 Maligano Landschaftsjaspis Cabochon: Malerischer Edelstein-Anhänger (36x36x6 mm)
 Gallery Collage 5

────────────────

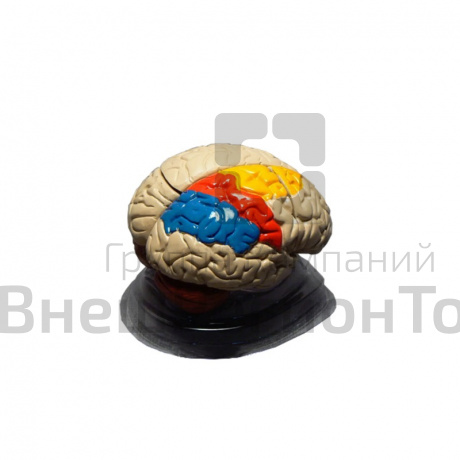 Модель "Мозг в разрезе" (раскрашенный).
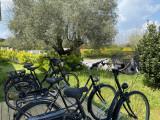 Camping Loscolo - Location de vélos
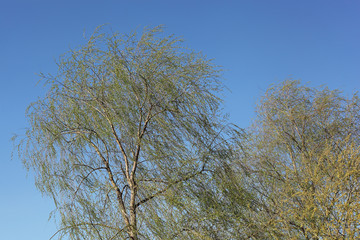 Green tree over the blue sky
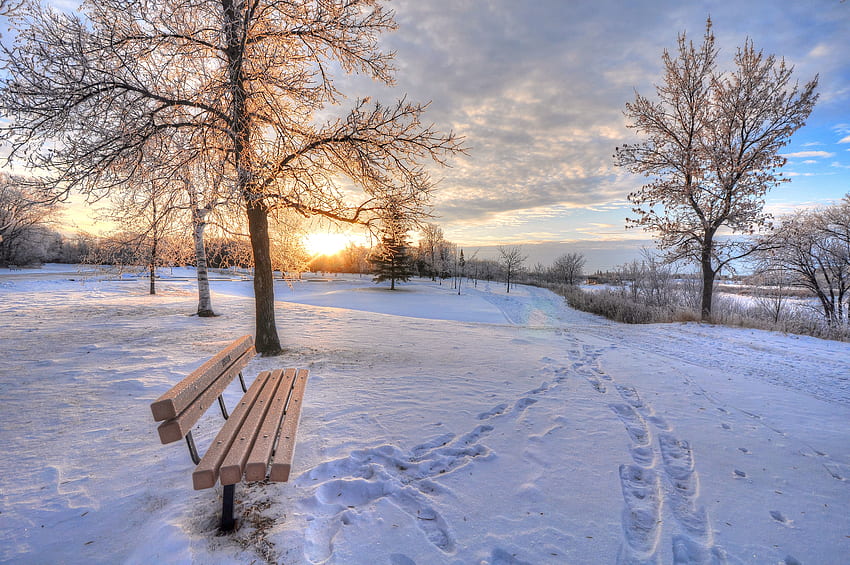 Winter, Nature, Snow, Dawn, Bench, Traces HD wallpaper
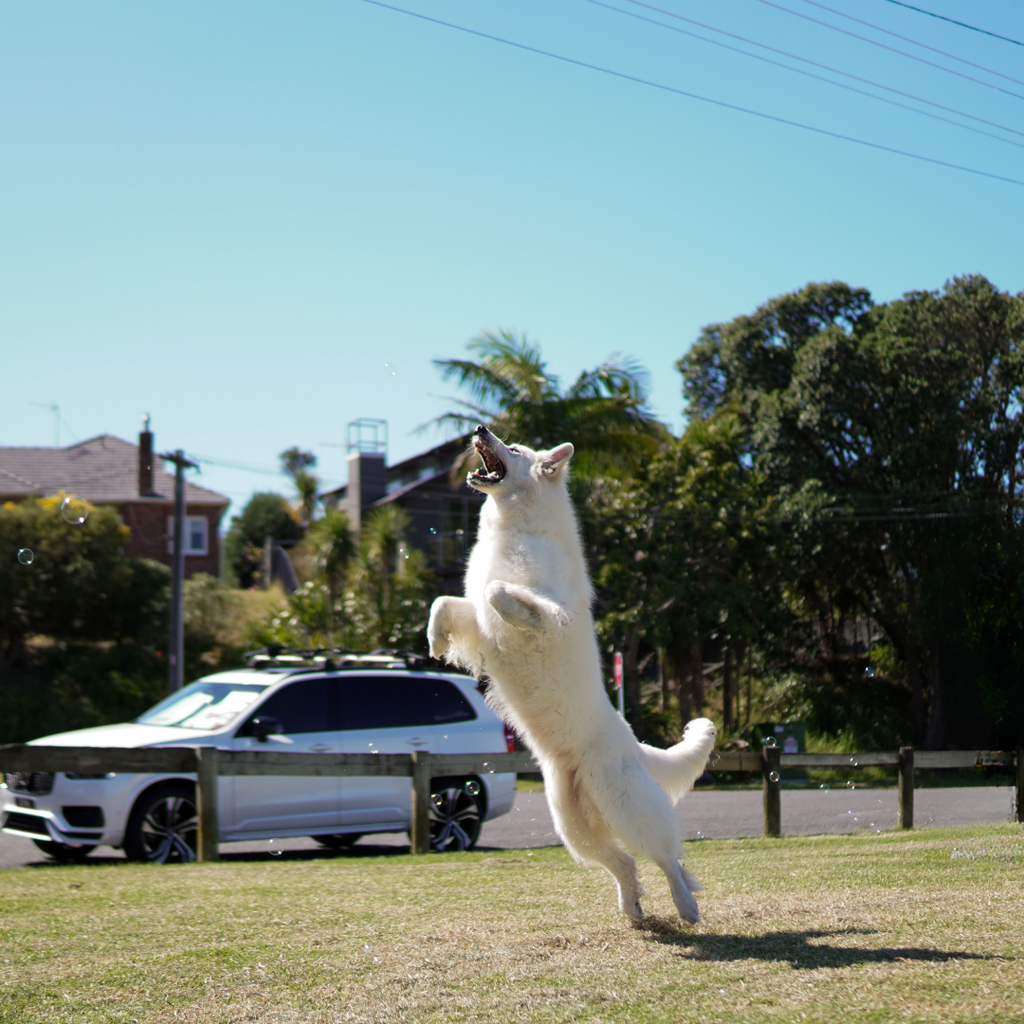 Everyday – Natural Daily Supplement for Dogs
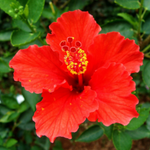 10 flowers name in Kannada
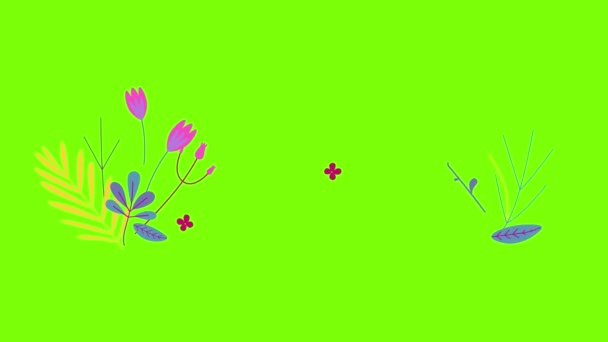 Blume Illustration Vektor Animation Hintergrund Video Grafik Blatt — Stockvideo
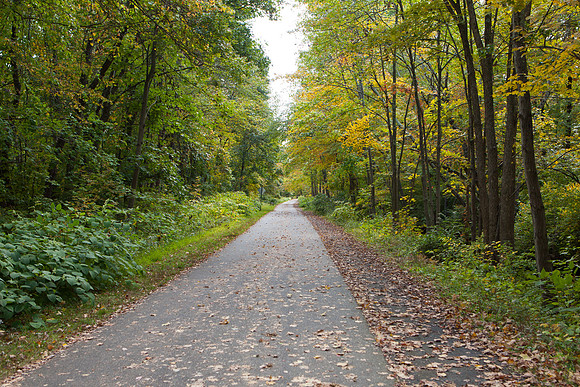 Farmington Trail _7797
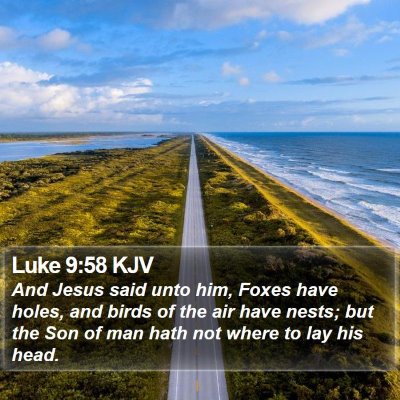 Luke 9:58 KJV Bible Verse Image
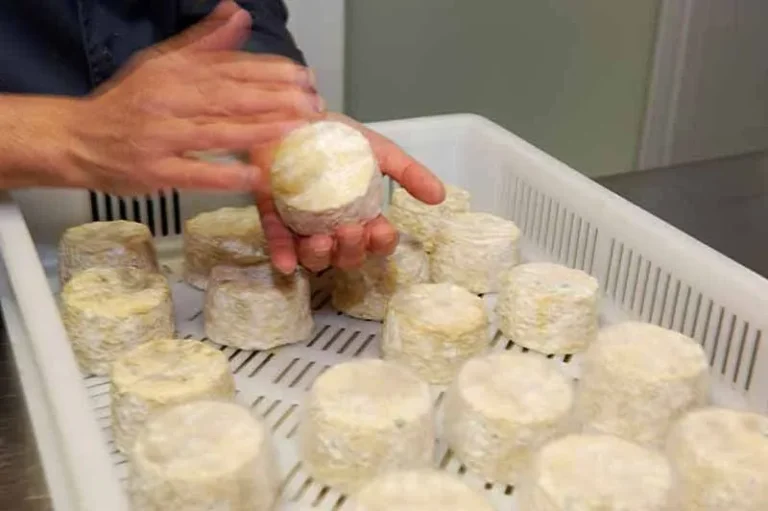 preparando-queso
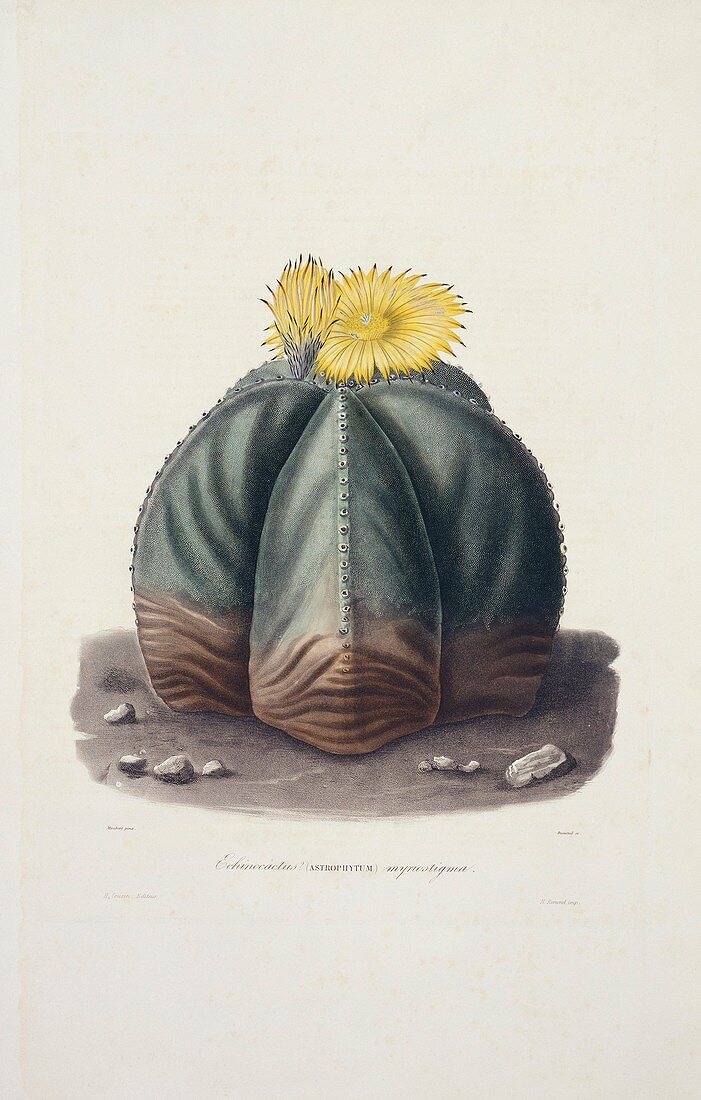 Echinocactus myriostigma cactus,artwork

────────────────

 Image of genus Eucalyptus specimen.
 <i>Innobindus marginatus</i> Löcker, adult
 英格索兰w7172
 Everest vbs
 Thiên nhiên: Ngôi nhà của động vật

────────────────

(What is needed) An exact transcription is needed of the lines from the one with "Blume Illustration Vektor" to the one with "Echinocactus myriostigma cactus,artwork" above, both ends included, with pictures left out.

(Output below)
 Blume Illustration Vektor Animation Hintergrund Video Grafik Blatt — Stockvideo
 Farmington Trail _7797
 Luke 9:58 KJV Bible Verse Image
 preparando-queso
 Echinocactus myriostigma cactus,artwork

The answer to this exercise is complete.